§ **Dataset extract**
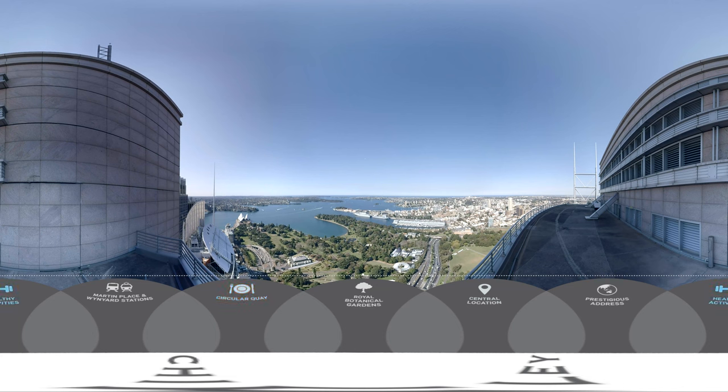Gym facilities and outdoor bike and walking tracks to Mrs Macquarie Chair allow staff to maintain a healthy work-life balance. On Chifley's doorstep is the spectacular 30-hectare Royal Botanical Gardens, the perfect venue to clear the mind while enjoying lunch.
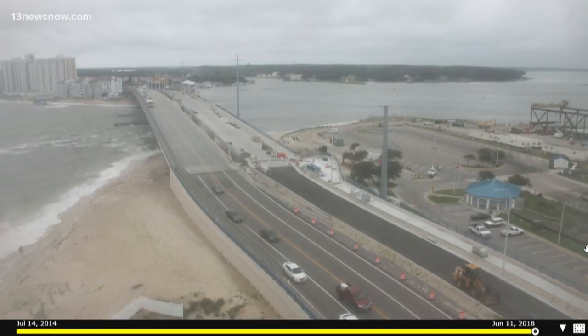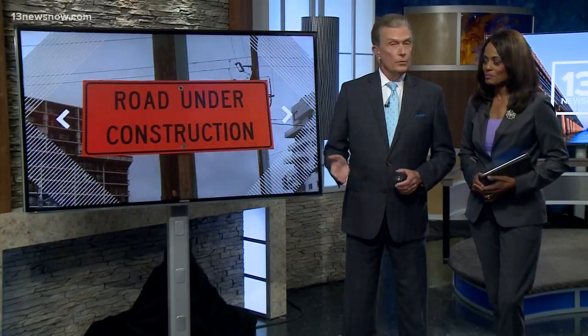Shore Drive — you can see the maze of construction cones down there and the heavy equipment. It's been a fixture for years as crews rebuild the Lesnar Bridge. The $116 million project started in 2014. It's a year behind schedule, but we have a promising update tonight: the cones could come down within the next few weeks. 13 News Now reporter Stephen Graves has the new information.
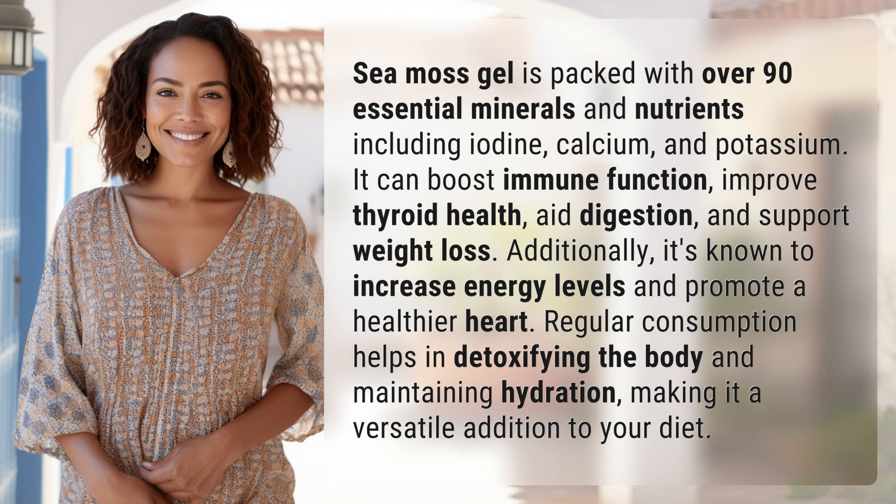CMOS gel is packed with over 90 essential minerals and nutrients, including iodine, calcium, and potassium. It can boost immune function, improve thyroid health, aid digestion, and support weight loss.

---

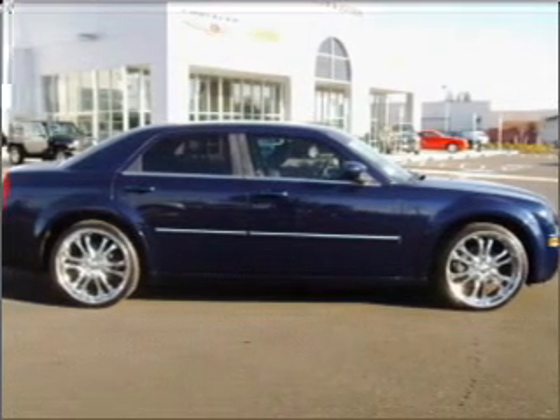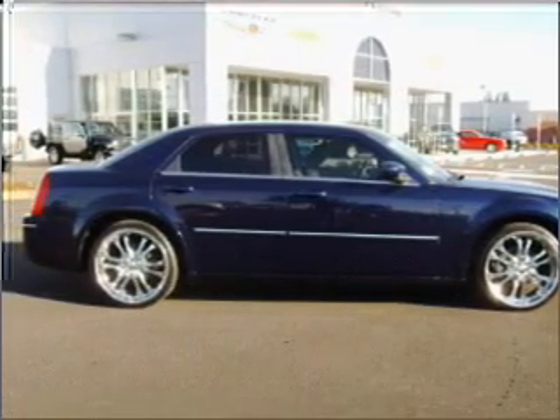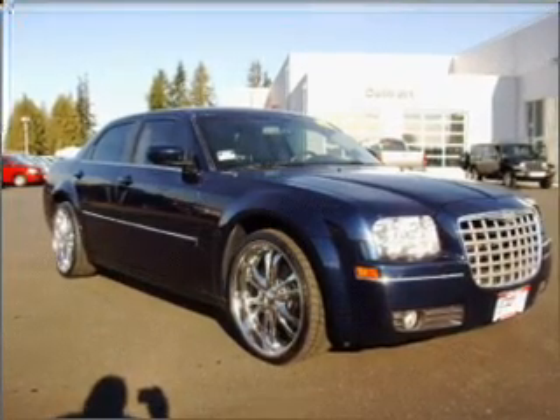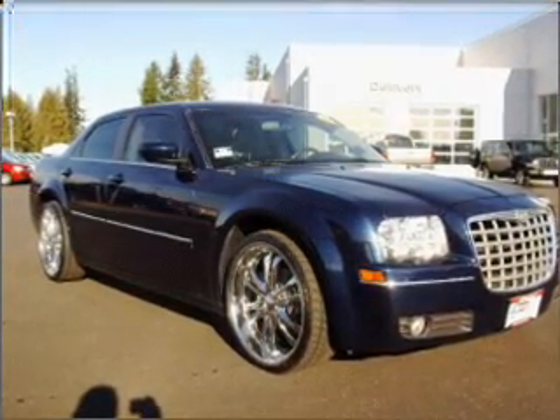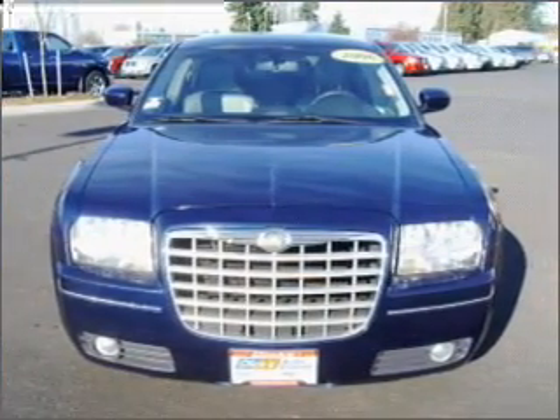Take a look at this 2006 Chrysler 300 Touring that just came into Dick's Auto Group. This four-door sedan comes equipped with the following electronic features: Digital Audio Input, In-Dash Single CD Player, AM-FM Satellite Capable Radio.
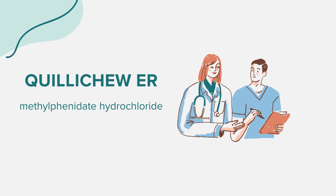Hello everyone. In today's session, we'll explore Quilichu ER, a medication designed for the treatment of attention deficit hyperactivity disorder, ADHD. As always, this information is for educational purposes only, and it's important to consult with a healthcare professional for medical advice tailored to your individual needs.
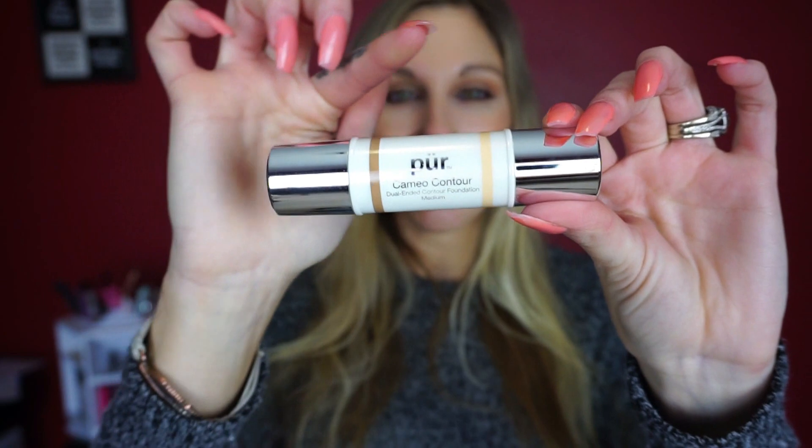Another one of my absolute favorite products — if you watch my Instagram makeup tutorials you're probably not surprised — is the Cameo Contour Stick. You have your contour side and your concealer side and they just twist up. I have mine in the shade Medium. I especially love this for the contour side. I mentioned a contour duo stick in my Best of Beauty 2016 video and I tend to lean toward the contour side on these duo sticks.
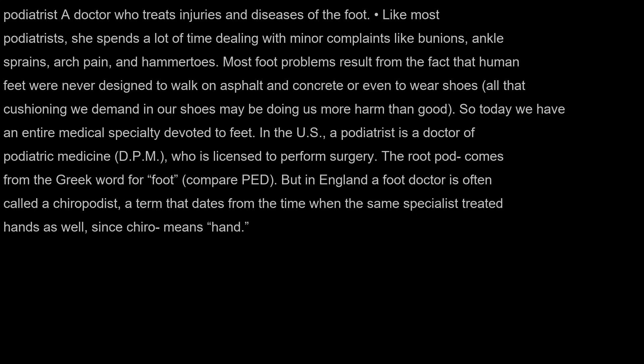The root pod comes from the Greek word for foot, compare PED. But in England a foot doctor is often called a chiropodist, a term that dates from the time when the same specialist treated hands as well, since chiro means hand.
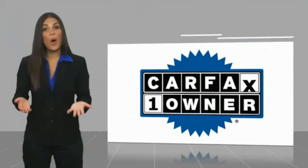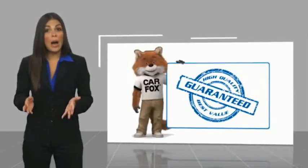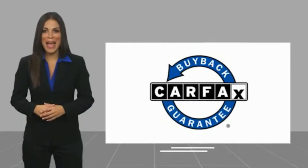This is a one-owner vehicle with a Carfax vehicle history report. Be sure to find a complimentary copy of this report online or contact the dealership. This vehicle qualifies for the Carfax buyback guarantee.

* * *

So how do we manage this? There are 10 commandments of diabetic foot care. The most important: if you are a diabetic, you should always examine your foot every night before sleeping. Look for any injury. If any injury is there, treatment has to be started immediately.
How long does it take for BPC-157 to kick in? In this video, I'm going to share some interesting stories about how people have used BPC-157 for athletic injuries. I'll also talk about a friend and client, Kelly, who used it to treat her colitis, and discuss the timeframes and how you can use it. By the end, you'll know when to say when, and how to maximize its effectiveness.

§ **Exercise requirements**
What is needed is an exact copy of the lines above, from the one holding "Gym facilities and" down to the one holding "CMOS gel is", with those two included and the pictures left out.

§ **Answer to this task**
Gym facilities and outdoor bike and walking tracks to Mrs Macquarie Chair allow staff to maintain a healthy work-life balance. On Chifley's doorstep is the spectacular 30-hectare Royal Botanical Gardens, the perfect venue to clear the mind while enjoying lunch.
Shore Drive — you can see the maze of construction cones down there and the heavy equipment. It's been a fixture for years as crews rebuild the Lesnar Bridge. The $116 million project started in 2014. It's a year behind schedule, but we have a promising update tonight: the cones could come down within the next few weeks. 13 News Now reporter Stephen Graves has the new information.
CMOS gel is packed with over 90 essential minerals and nutrients, including iodine, calcium, and potassium. It can boost immune function, improve thyroid health, aid digestion, and support weight loss.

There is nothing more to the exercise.